Historical Perspective of the Soviet Union and China
Central Asia was the crossroads of the continent that connected Europe and all parts of Asia with the Silk Road. After the Russian Revolution in 1917, the newly established Soviet Union fully incorporated Central Asia into its domain. As a means of building legitimacy in a new world order post-WWI, the Soviet government sought to transform the previously agricultural country to, as American historian Stephen Kotkin describes, a “country of metal.” A detailed account of the social history surrounding the Soviet industrialization may be found in Kotkin’s book Magnetic Mountain.

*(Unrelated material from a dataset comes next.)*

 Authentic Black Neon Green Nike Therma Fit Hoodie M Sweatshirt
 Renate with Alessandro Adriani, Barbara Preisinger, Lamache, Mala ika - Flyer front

Under the advisement of the Soviet Union, China underwent a similar economic transformation with the rise of the Chinese Communist Party and Mao Zedong in 1949. The study pinpoints the decadal events like the Great Leap Forward (1958-1962) and the Cultural Revolution (1966-1976) as significant periods of industrialization, corresponding to the anthropogenic Sb, Cd, Zn, and Pb levels peaking in 1965. Modern Chinese historian Gina Tam from Trinity University gave GlacierHub a deep-dive into why industrialization was particularly heavy in the 1960s in China.
After falling short of economic goals in the 1950s, Mao instigated a campaign called the Great Leap Forward in hopes to invigorate the economy. “The Great Leap Forward was, above all else, an emphasis on ‘leaping’ forward in terms of economic output. The key targets were steel and grain–the former to make China into a more industrialized country to compete with the West, and the latter to feed all those workers. Given that this was an ‘all hands on deck’ sort of situation, industrialization increased heavily during this time,” Tam told GlacierHub. Devastation followed in terms of mass starvations as well as widespread environmental degradation. Relating this history back to Puruogangri, today’s scientists were able to observe the magnitude of the emission production in both China and the Soviet Union.
What the Records Tells Us
While both of these countries hungrily pursued economic prosperity through metallurgical means, the policies in place put heavy pressure on natural resources and the local environment. The recent Puruogangri study reveals how atmospheric circulation serves as a conveyor belt for anthropogenic pollutants to reach remote glaciers like those in central Tibet.
As the authors noted, “the extraction of multi-century atmospheric pollution records from central Tibet is essential to assess the magnitude of the recent contamination of this remote region and to provide a long-term perspective for the changes observed.” What is particularly noteworthy about this statement is the purpose of scale. While the study assesses patterns across multiple centuries, the authors identify specific decadal events within the 20th century to emphasize a potential shift in the trace element enrichment prior to 1900. Heavy industrialization like during the Great Leap Forward stands out compared to other decades, but based on the results of this study, the researchers ultimately emphasize how the 20th century emission production stands out in comparison to previous centuries.
While scientists like Beaudon and Gabrielli analyze the glacial records for atmospheric contamination input, historians like Koji Hirata from Stanford University are analyzing the written records to trace the levels of steel production output. Despite the tumultuous political atmosphere in both countries throughout the 20th century, historical accounts correspond well with the glacial records. Bridging the understandings between the two disciplines, as well as others, may lead to more informed decision-making on emission controls, ultimately helping to mitigate our changing climate in the uncertain future.